**Task description**: The records follow. Copy them exactly, but omit the pictures.

**Material supplied**:
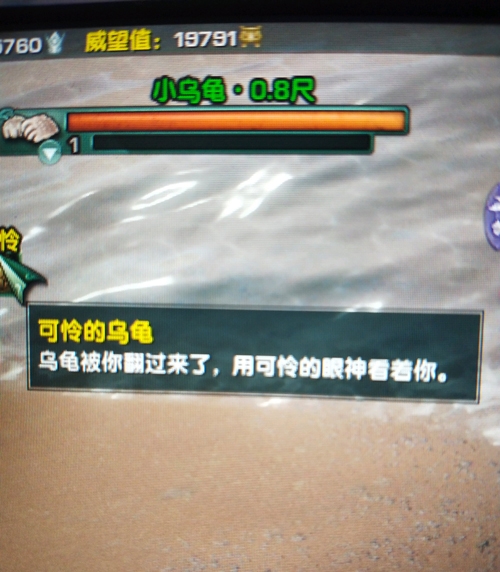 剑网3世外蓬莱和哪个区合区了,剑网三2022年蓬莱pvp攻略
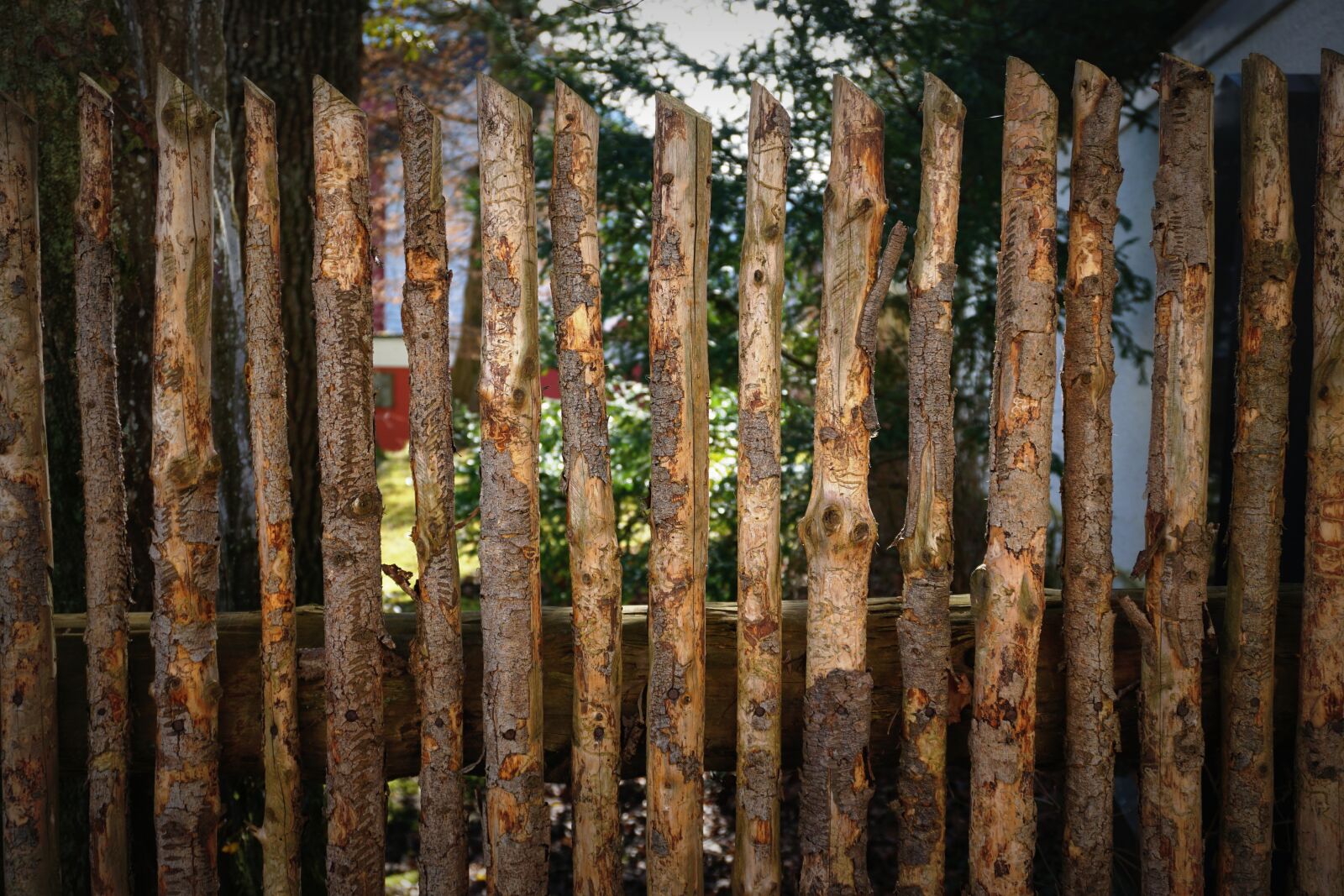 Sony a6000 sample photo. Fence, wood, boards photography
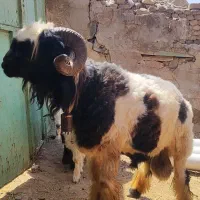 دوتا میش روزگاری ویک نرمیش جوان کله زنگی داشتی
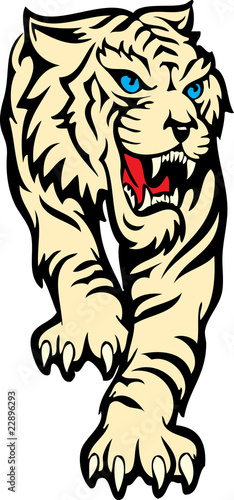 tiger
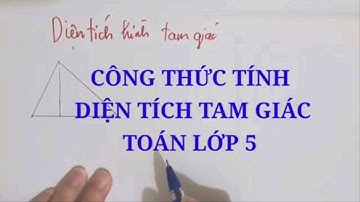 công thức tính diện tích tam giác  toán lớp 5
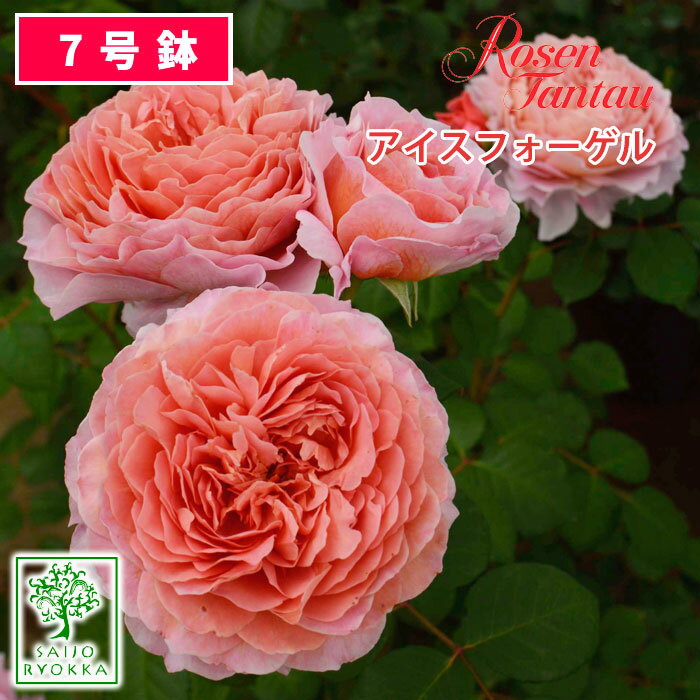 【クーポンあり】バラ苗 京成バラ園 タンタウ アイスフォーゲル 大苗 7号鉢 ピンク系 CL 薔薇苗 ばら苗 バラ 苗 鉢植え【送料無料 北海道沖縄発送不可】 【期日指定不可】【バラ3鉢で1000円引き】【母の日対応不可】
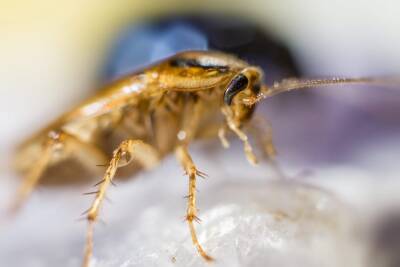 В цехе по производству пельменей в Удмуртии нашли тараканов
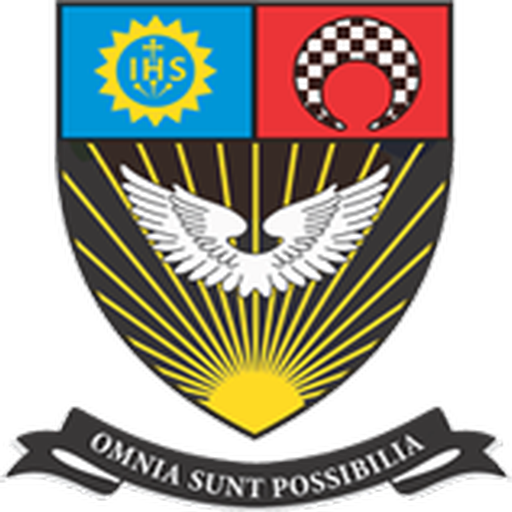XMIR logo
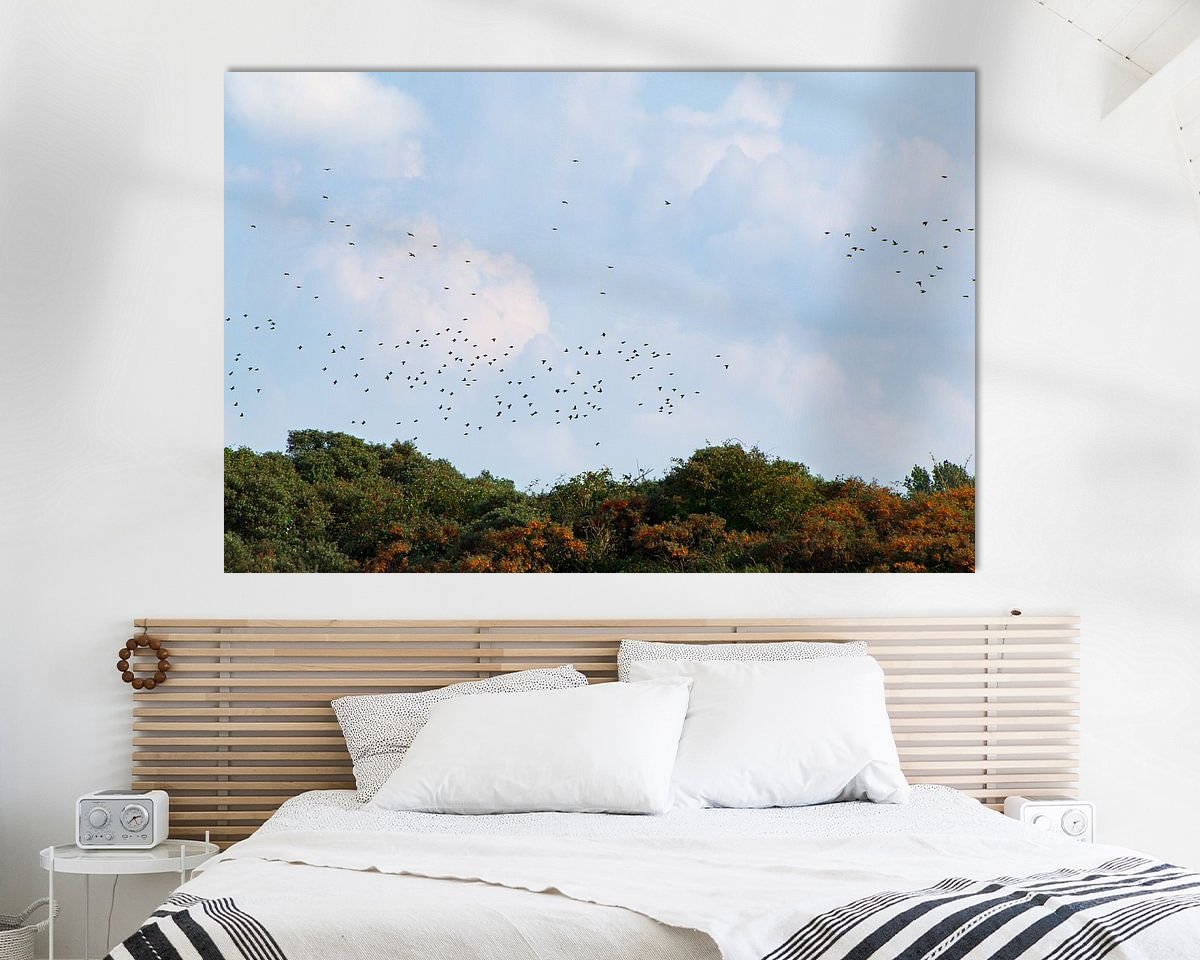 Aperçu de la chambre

**Reply**:
 剑网3世外蓬莱和哪个区合区了,剑网三2022年蓬莱pvp攻略
 Sony a6000 sample photo. Fence, wood, boards photography
 دوتا میش روزگاری ویک نرمیش جوان کله زنگی داشتی
 tiger
 công thức tính diện tích tam giác  toán lớp 5
 【クーポンあり】バラ苗 京成バラ園 タンタウ アイスフォーゲル 大苗 7号鉢 ピンク系 CL 薔薇苗 ばら苗 バラ 苗 鉢植え【送料無料 北海道沖縄発送不可】 【期日指定不可】【バラ3鉢で1000円引き】【母の日対応不可】
 В цехе по производству пельменей в Удмуртии нашли тараканов
XMIR logo
 Aperçu de la chambre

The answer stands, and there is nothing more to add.